# EXERCISE DIRECTIONS
Pictures are to be left out; everything else in the records must be repeated exactly.

# MATERIAL TO PROCESS
____
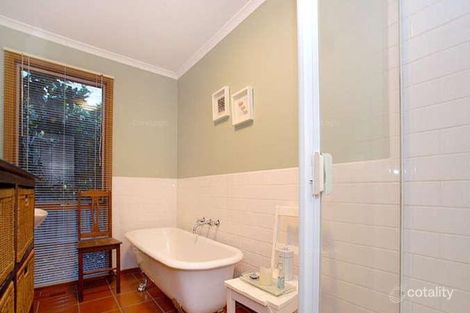 Property photo of 11 Bangalay Place Berwick VIC 3806
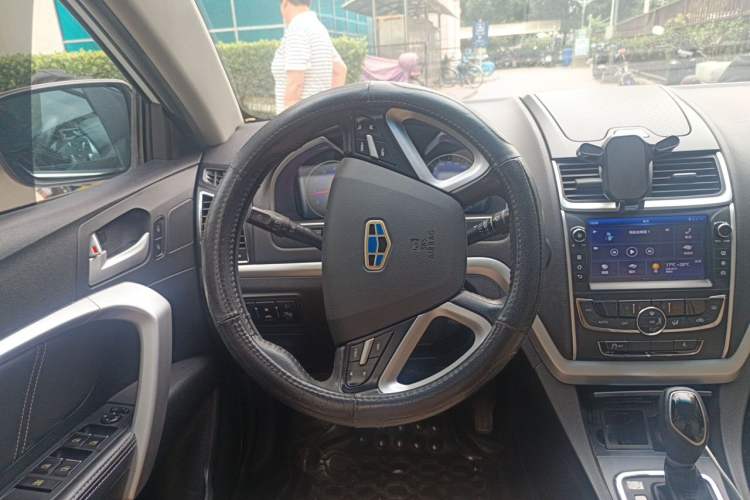Used Geely Auto Emgrand 2016 Sedan 1.3T CVT Upward Edition Steering Wheel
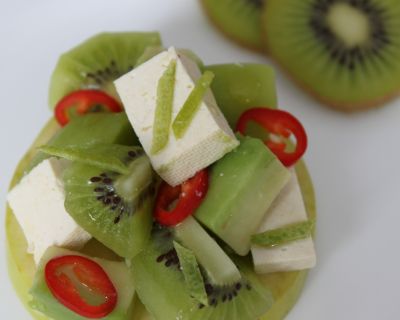 Kiwi-Avocado-Tatar mit Tofu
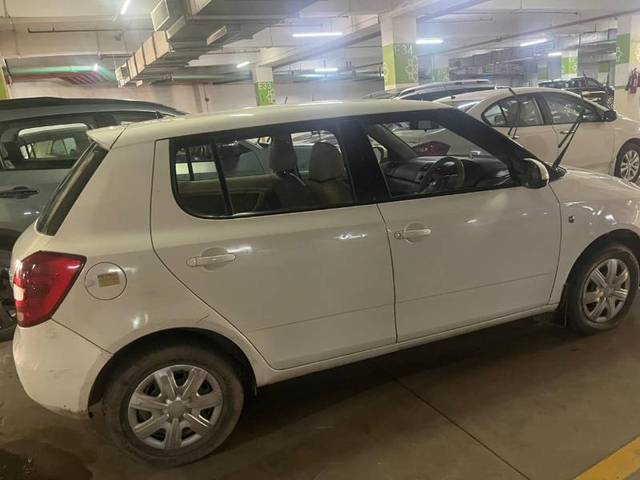 https://images10.gaadi.com/usedgaadi-sellcar/UsedCar/e54c5987a/8f831d7e-d29a-4fcd-836c-04a49ec7fa97.jpg?imwidth=6401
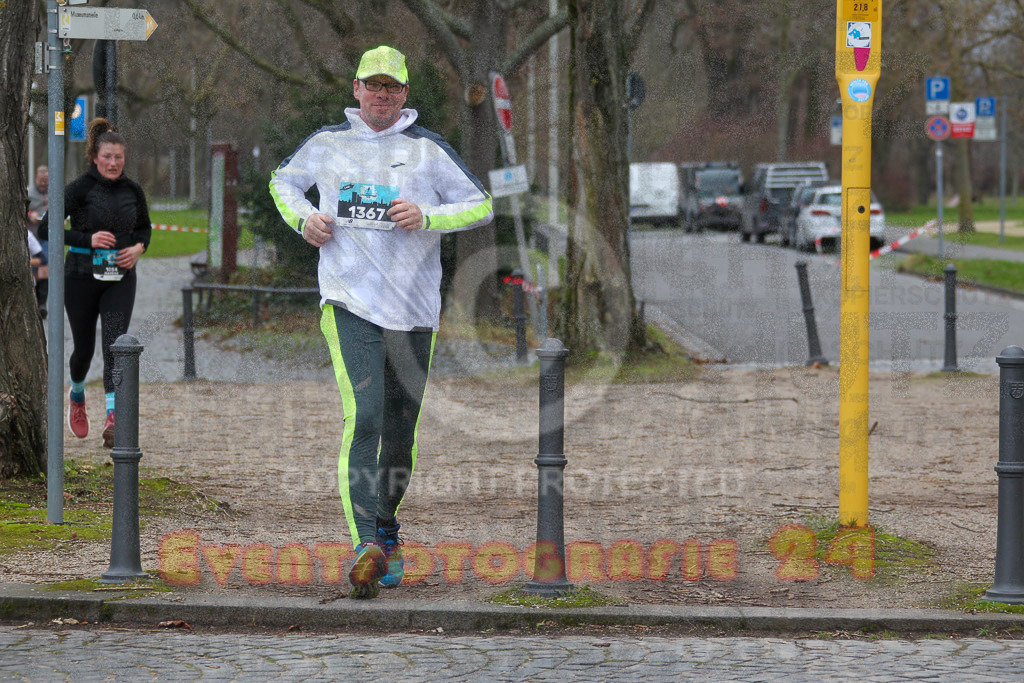 231231_1023_EV4_8649 | Sportfotografie im Rhein-Sieg Kreis, Köln, Bonn, NRW, Rheinland Pfalz, Hessen, etc. Unser Tätigkeitsfeld umfasst den Laufsport vom Volkslauf über den Marathon, Duathlon, Triathon bis zum Ultralauf wie Kölnpfad Ultra oder Schindertrail.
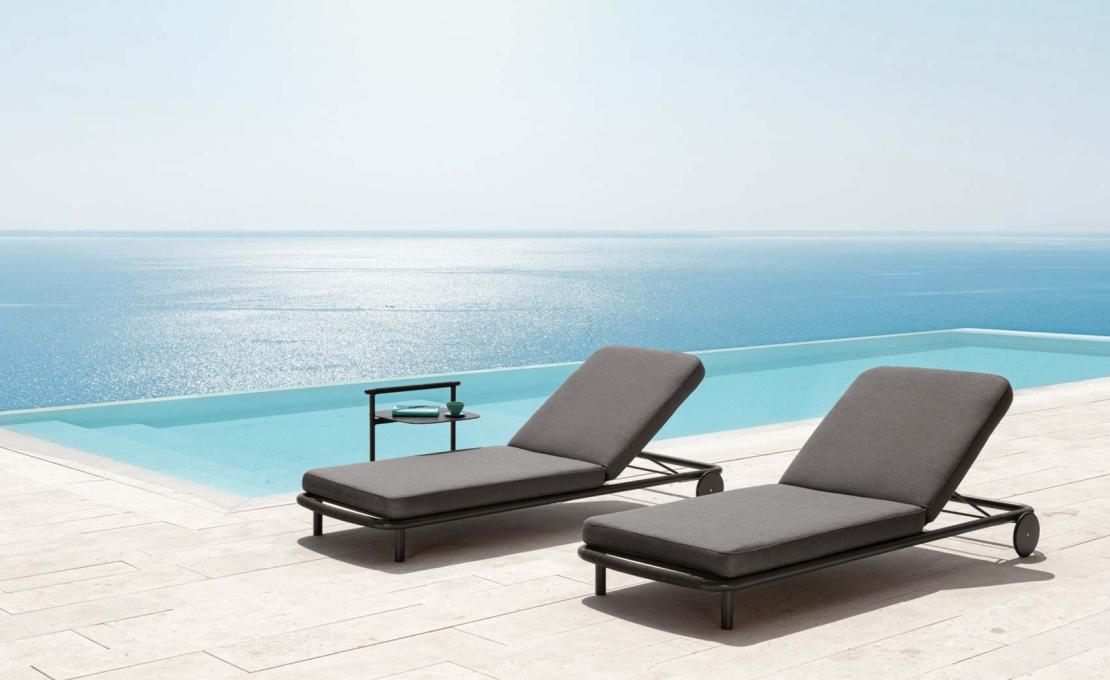 Шезлонг уличныйот фабрики Talenti модель CORAL SUN LOUNGER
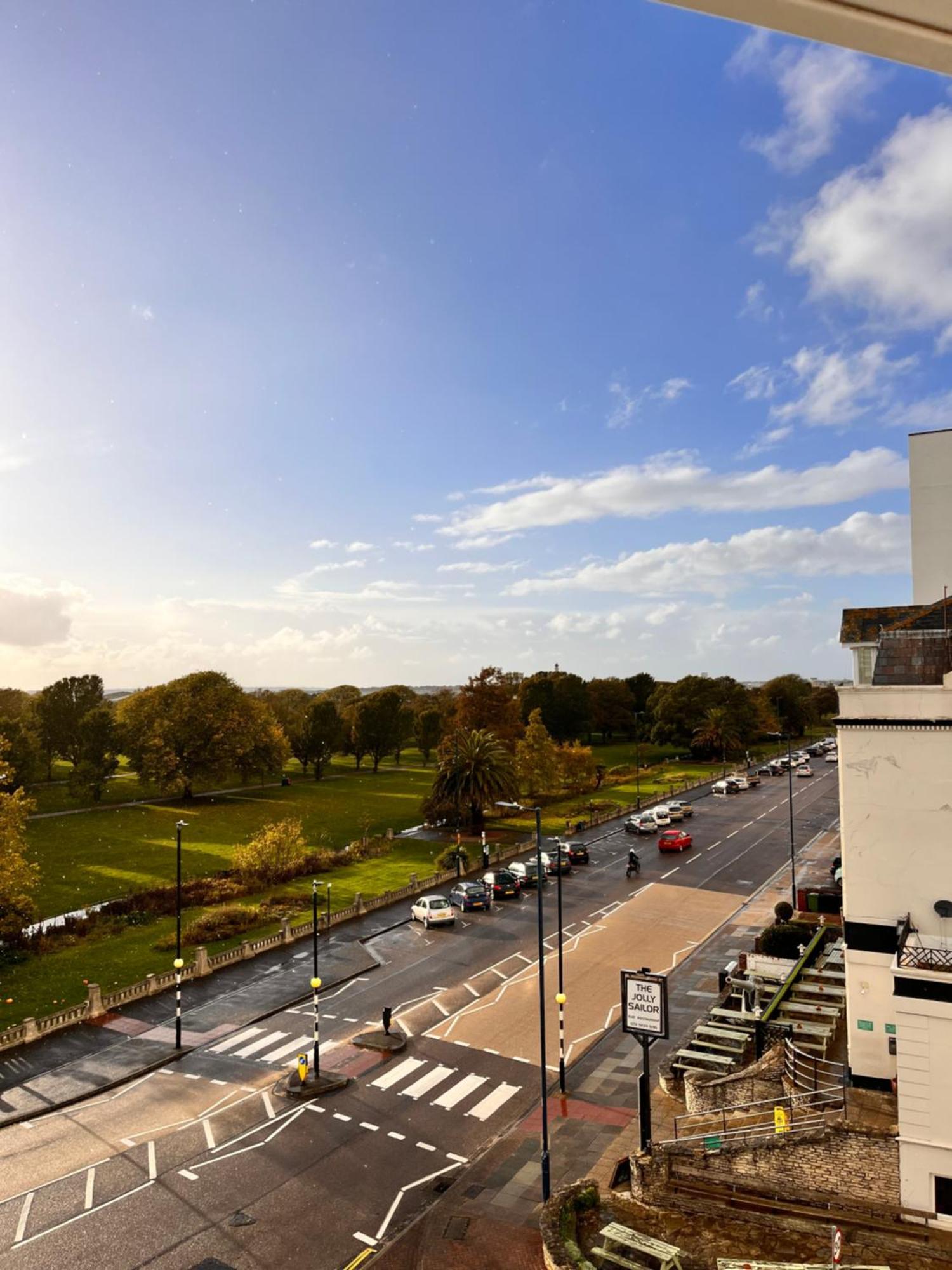 Southsea, Portsmouth - Two Bedroom Apartment - Newly Refurbished Throughout - Treetop Sea Views Extérieur photo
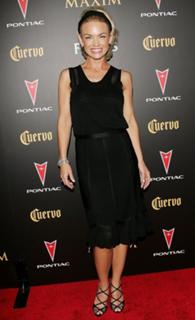 Kelly Carlson feet photo thumbnail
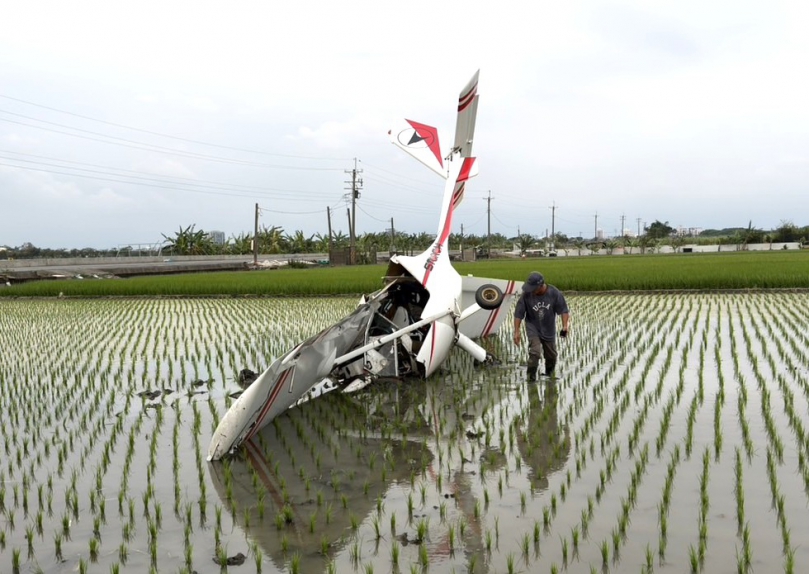 輕航機墜落雲林虎尾田間 余姓駕駛受傷送醫 輕航機疑未依規定向民航局註冊 縣政府已通報運安會依法處置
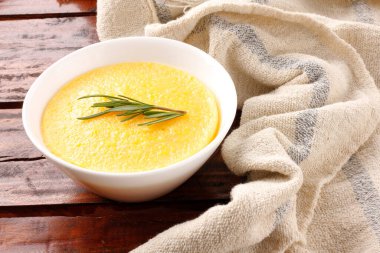 Kırsal ahşap masada seramik kasede polenta. Mısır ya da maviga.Üst manzara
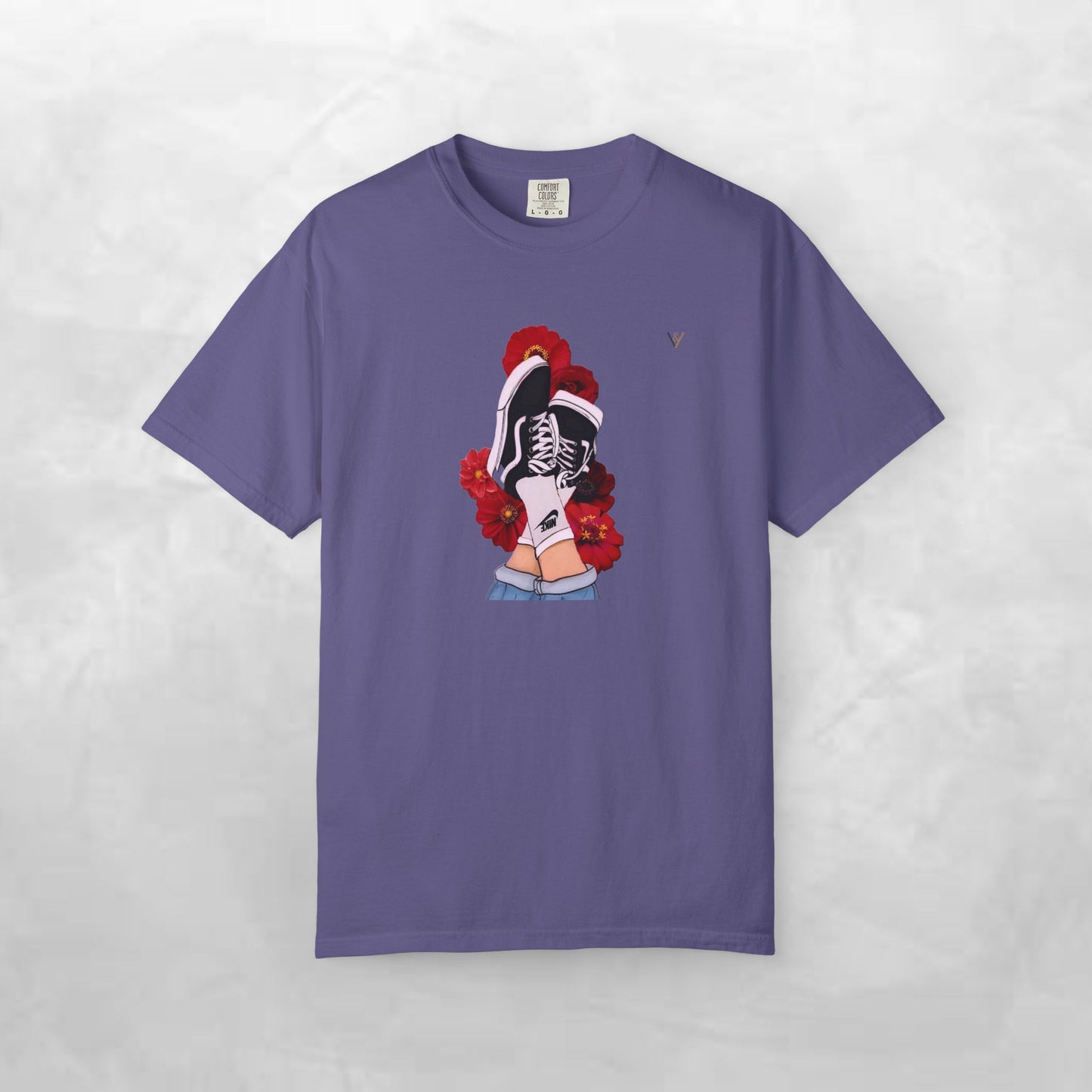 Trendy Graphic Tee with Floral Design, Unisex T-shirt, Streetwear Style, Casual Wear, Perfect for Summer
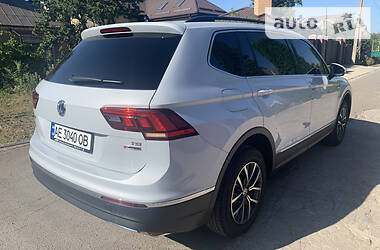 Позашляховик / Кросовер Volkswagen Tiguan 2018 в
____
# TASK ANSWER
 Property photo of 11 Bangalay Place Berwick VIC 3806
Used Geely Auto Emgrand 2016 Sedan 1.3T CVT Upward Edition Steering Wheel
 Kiwi-Avocado-Tatar mit Tofu
 https://images10.gaadi.com/usedgaadi-sellcar/UsedCar/e54c5987a/8f831d7e-d29a-4fcd-836c-04a49ec7fa97.jpg?imwidth=6401
 231231_1023_EV4_8649 | Sportfotografie im Rhein-Sieg Kreis, Köln, Bonn, NRW, Rheinland Pfalz, Hessen, etc. Unser Tätigkeitsfeld umfasst den Laufsport vom Volkslauf über den Marathon, Duathlon, Triathon bis zum Ultralauf wie Kölnpfad Ultra oder Schindertrail.
 Шезлонг уличныйот фабрики Talenti модель CORAL SUN LOUNGER
 Southsea, Portsmouth - Two Bedroom Apartment - Newly Refurbished Throughout - Treetop Sea Views Extérieur photo
 Kelly Carlson feet photo thumbnail
 輕航機墜落雲林虎尾田間 余姓駕駛受傷送醫 輕航機疑未依規定向民航局註冊 縣政府已通報運安會依法處置
 Kırsal ahşap masada seramik kasede polenta. Mısır ya da maviga.Üst manzara
 Trendy Graphic Tee with Floral Design, Unisex T-shirt, Streetwear Style, Casual Wear, Perfect for Summer
 Позашляховик / Кросовер Volkswagen Tiguan 2018 в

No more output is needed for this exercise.